[Crawled caption data]

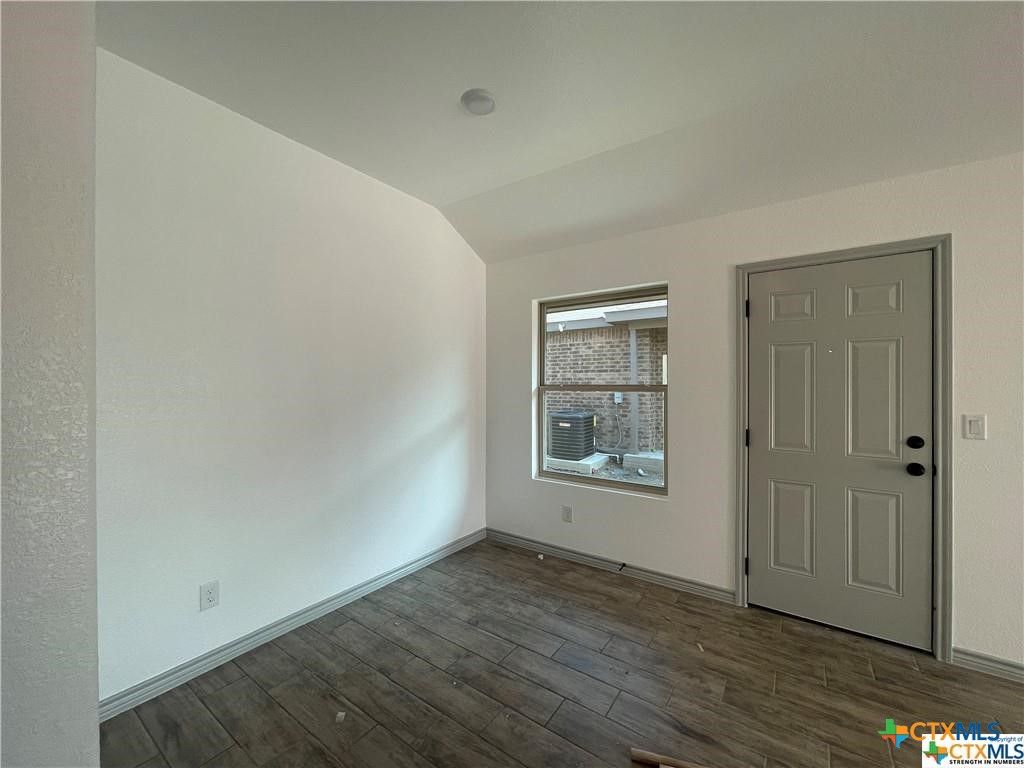 2408 Duntov Drive Temple, TX 76504 - Photo 4 of 41 an empty room with wooden floor and windows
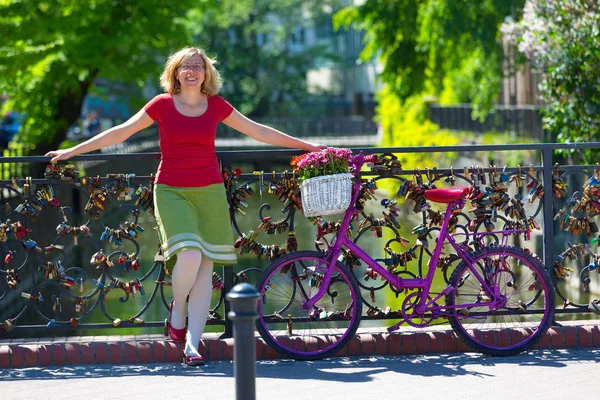 Frau mit rosa Fahrrad steht auf der Brücke der Liebe — Stockfoto
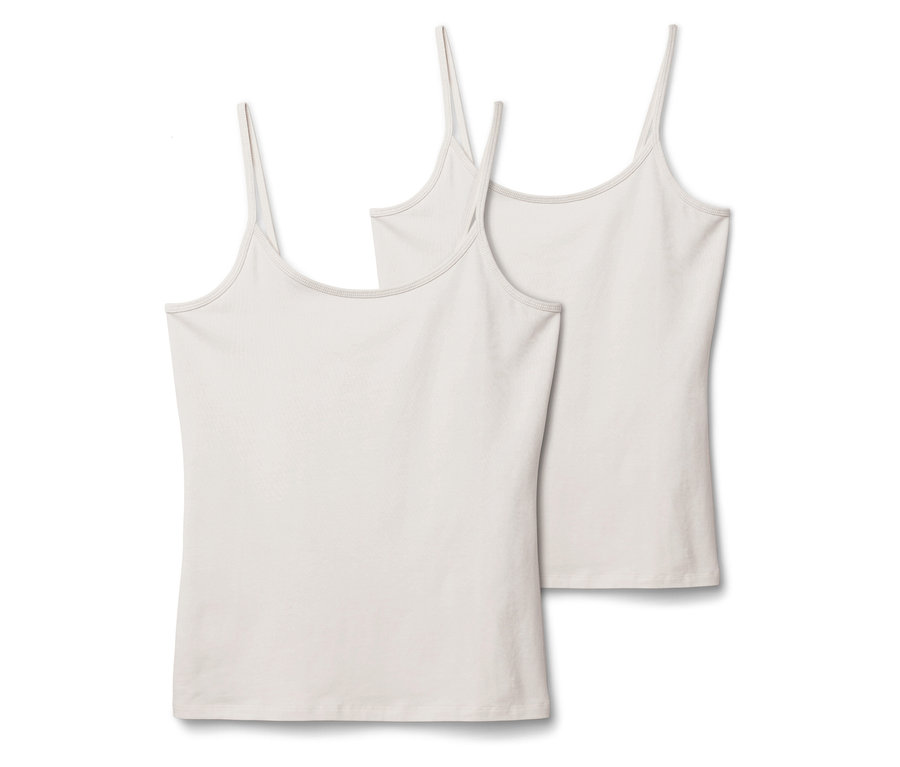 Dve biele tielka s tenkými ramienkami ležia vedľa seba na bielom pozadí.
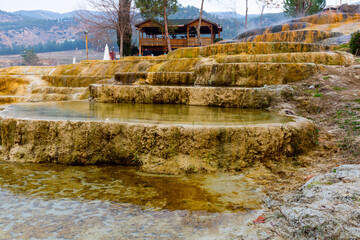 Fototapeta na wymiar Red thermal springs in the village of Karahayit, located near Pamukkale, Turkey.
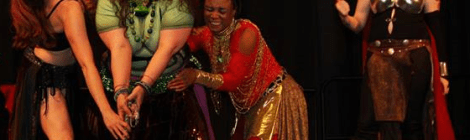 Avengers try to pick up Mjolnir while Thor laughs. Photo by Jennifer Stewart (c)2015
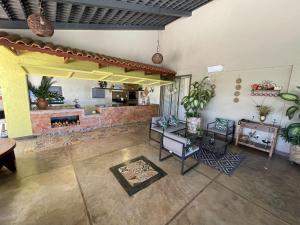 a living room with a fireplace and a couch at Pousada Real in Caldas Novas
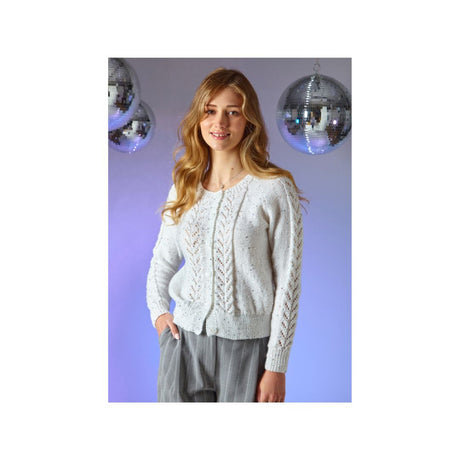 A woman modeling a light grey cable-knit cardigan sweater with grey trousers, standing against a purple-lit background with two hanging disco balls.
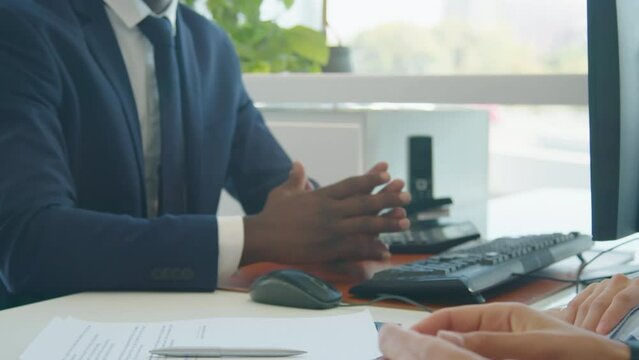 Medium section shot of unrecognizable man sitting at desk with his wife in front of salesperson successfully buying new car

Task item
Reproduce every entry exactly; images stay out.

Answer section
 2408 Duntov Drive Temple, TX 76504 - Photo 4 of 41 an empty room with wooden floor and windows
 Frau mit rosa Fahrrad steht auf der Brücke der Liebe — Stockfoto
 Dve biele tielka s tenkými ramienkami ležia vedľa seba na bielom pozadí.
 Fototapeta na wymiar Red thermal springs in the village of Karahayit, located near Pamukkale, Turkey.
 Avengers try to pick up Mjolnir while Thor laughs. Photo by Jennifer Stewart (c)2015
 a living room with a fireplace and a couch at Pousada Real in Caldas Novas
 A woman modeling a light grey cable-knit cardigan sweater with grey trousers, standing against a purple-lit background with two hanging disco balls.
 Medium section shot of unrecognizable man sitting at desk with his wife in front of salesperson successfully buying new car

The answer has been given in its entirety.